La création de lignes de bus destinées uniquement aux travailleurs palestiniens suscite la controverse dans l'opinion publique et divise la classe politique israélienne. Conséquence de ces tensions, deux bus ont déjà été incendiés.

En Israël, certains les ont déjà rebaptisés les «bus de l'apartheid». Mis en place sous le contrôle de la société israélienne de transport Afikim, des bus destinés uniquement aux Palestiniens permettent, depuis lundi, de relier le point de passage d'Eyal, en Cisjordanie, à Tel-Aviv, où se rendent quotidiennement de nombreux travailleurs arabes.

Si elle fait débat, la création de ces lignes est résolument assumée par le gouvernement israélien. Pendant des mois, le ministère des Transports a en effet fait face aux demandes pressantes des représentants des colonies et aux nombreuses doléances de leurs habitants.

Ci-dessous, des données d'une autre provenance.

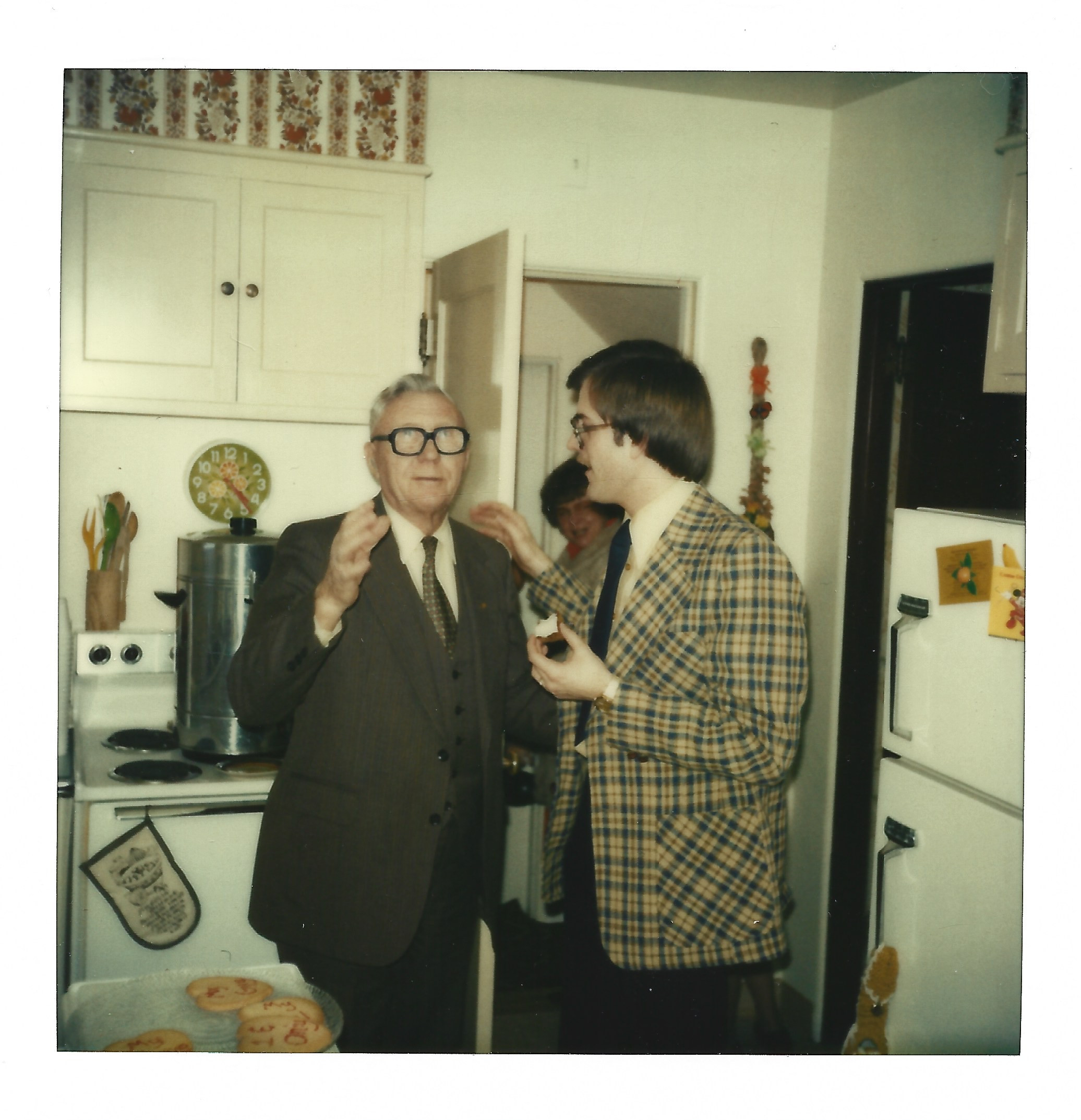 A polaroid of an older man and a younger man talking to each other in a kitchen.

Selon certains colons, la promiscuité dans les transports entre membres des deux communautés aurait comme conséquence directe une augmentation des tensions. «Je peux les comprendre, lance Yoav Greenberg, étudiant à Tel-Aviv. Dans un contexte aussi tendu, il est normal de vouloir se mélanger le moins possible. C'est une manière simple d'éviter que cela dégénère», souligne-t-il.

Mesure préventive pour certains, les bus spéciaux représentent pour beaucoup d'autres un dispositif artificiel et inefficace.

«Je trouve ça inadmissible, s'indigne Tal Segev, commerçant à Tel-Aviv. Il est illusoire et naïf de penser qu'en séparant chaque jour un peu plus Palestiniens et Israéliens, on arrange réellement les choses. Moins il y aura de points de contact entre les peuples, plus la situation deviendra difficile.»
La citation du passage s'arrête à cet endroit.